═══ Input data ═══

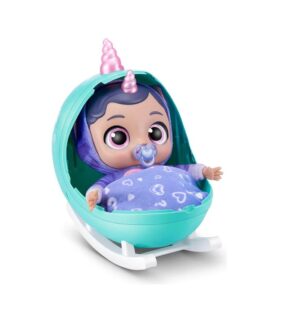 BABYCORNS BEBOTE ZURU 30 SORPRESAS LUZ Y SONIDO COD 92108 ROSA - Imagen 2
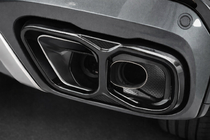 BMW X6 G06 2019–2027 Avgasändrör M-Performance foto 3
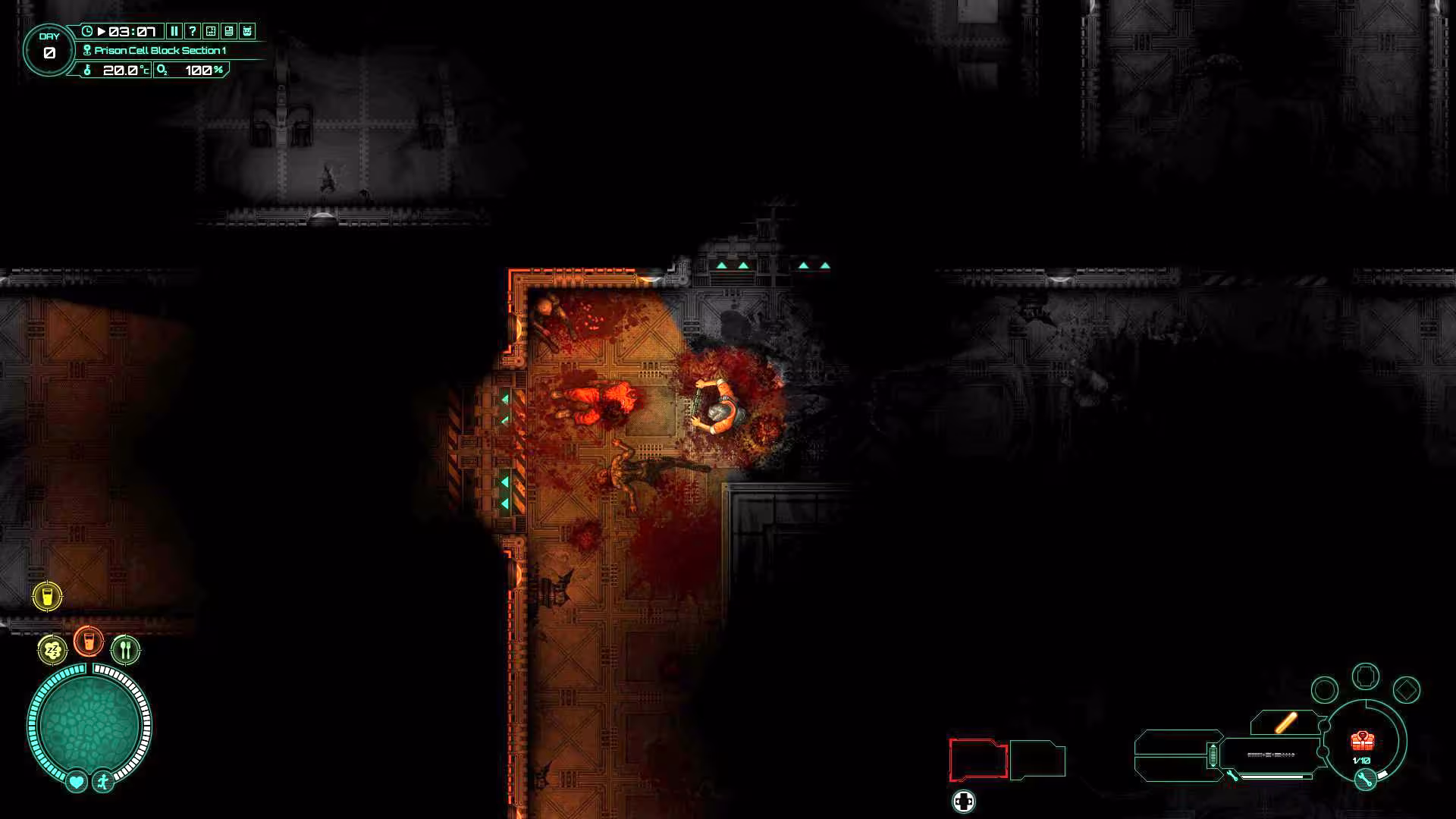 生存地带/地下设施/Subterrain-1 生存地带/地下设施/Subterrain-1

═══

Exercise objective → When you restate the listing above, give each line word for word but leave out every image.

Expected output →
 BABYCORNS BEBOTE ZURU 30 SORPRESAS LUZ Y SONIDO COD 92108 ROSA - Imagen 2
 BMW X6 G06 2019–2027 Avgasändrör M-Performance foto 3
 生存地带/地下设施/Subterrain-1 生存地带/地下设施/Subterrain-1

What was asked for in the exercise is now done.